• **Activity**
Please output the whole listing below exactly as it is.

(Material supplied Opens)

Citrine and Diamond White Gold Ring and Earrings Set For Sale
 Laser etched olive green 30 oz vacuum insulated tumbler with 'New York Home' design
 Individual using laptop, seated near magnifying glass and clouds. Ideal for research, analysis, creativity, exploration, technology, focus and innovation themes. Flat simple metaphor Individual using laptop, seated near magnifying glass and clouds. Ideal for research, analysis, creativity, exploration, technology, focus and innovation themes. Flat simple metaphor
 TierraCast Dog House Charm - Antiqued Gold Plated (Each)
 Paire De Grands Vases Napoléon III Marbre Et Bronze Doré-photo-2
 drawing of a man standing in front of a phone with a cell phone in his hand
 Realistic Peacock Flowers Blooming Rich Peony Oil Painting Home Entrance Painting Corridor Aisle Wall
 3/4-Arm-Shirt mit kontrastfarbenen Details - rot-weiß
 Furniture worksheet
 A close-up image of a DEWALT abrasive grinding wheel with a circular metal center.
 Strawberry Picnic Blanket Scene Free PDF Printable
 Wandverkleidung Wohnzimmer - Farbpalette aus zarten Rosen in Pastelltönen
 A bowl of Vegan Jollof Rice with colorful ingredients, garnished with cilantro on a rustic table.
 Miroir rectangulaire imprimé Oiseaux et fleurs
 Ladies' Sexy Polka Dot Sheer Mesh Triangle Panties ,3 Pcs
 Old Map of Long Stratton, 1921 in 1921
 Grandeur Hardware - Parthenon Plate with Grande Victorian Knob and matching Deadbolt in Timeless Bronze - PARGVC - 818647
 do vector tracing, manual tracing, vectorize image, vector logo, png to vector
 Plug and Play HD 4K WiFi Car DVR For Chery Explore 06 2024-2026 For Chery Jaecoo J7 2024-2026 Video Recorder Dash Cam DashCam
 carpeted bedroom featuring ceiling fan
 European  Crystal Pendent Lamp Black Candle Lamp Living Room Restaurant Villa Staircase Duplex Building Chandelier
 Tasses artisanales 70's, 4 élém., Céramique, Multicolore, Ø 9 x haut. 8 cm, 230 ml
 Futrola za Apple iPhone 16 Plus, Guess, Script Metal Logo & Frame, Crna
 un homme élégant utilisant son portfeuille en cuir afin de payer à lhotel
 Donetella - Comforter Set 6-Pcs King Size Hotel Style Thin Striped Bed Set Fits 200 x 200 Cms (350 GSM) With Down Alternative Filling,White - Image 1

(Material supplied Closes)

• **Exercise output**
Citrine and Diamond White Gold Ring and Earrings Set For Sale
 Laser etched olive green 30 oz vacuum insulated tumbler with 'New York Home' design
 Individual using laptop, seated near magnifying glass and clouds. Ideal for research, analysis, creativity, exploration, technology, focus and innovation themes. Flat simple metaphor Individual using laptop, seated near magnifying glass and clouds. Ideal for research, analysis, creativity, exploration, technology, focus and innovation themes. Flat simple metaphor
 TierraCast Dog House Charm - Antiqued Gold Plated (Each)
 Paire De Grands Vases Napoléon III Marbre Et Bronze Doré-photo-2
 drawing of a man standing in front of a phone with a cell phone in his hand
 Realistic Peacock Flowers Blooming Rich Peony Oil Painting Home Entrance Painting Corridor Aisle Wall
 3/4-Arm-Shirt mit kontrastfarbenen Details - rot-weiß
 Furniture worksheet
 A close-up image of a DEWALT abrasive grinding wheel with a circular metal center.
 Strawberry Picnic Blanket Scene Free PDF Printable
 Wandverkleidung Wohnzimmer - Farbpalette aus zarten Rosen in Pastelltönen
 A bowl of Vegan Jollof Rice with colorful ingredients, garnished with cilantro on a rustic table.
 Miroir rectangulaire imprimé Oiseaux et fleurs
 Ladies' Sexy Polka Dot Sheer Mesh Triangle Panties ,3 Pcs
 Old Map of Long Stratton, 1921 in 1921
 Grandeur Hardware - Parthenon Plate with Grande Victorian Knob and matching Deadbolt in Timeless Bronze - PARGVC - 818647
 do vector tracing, manual tracing, vectorize image, vector logo, png to vector
 Plug and Play HD 4K WiFi Car DVR For Chery Explore 06 2024-2026 For Chery Jaecoo J7 2024-2026 Video Recorder Dash Cam DashCam
 carpeted bedroom featuring ceiling fan
 European  Crystal Pendent Lamp Black Candle Lamp Living Room Restaurant Villa Staircase Duplex Building Chandelier
 Tasses artisanales 70's, 4 élém., Céramique, Multicolore, Ø 9 x haut. 8 cm, 230 ml
 Futrola za Apple iPhone 16 Plus, Guess, Script Metal Logo & Frame, Crna
 un homme élégant utilisant son portfeuille en cuir afin de payer à lhotel
 Donetella - Comforter Set 6-Pcs King Size Hotel Style Thin Striped Bed Set Fits 200 x 200 Cms (350 GSM) With Down Alternative Filling,White - Image 1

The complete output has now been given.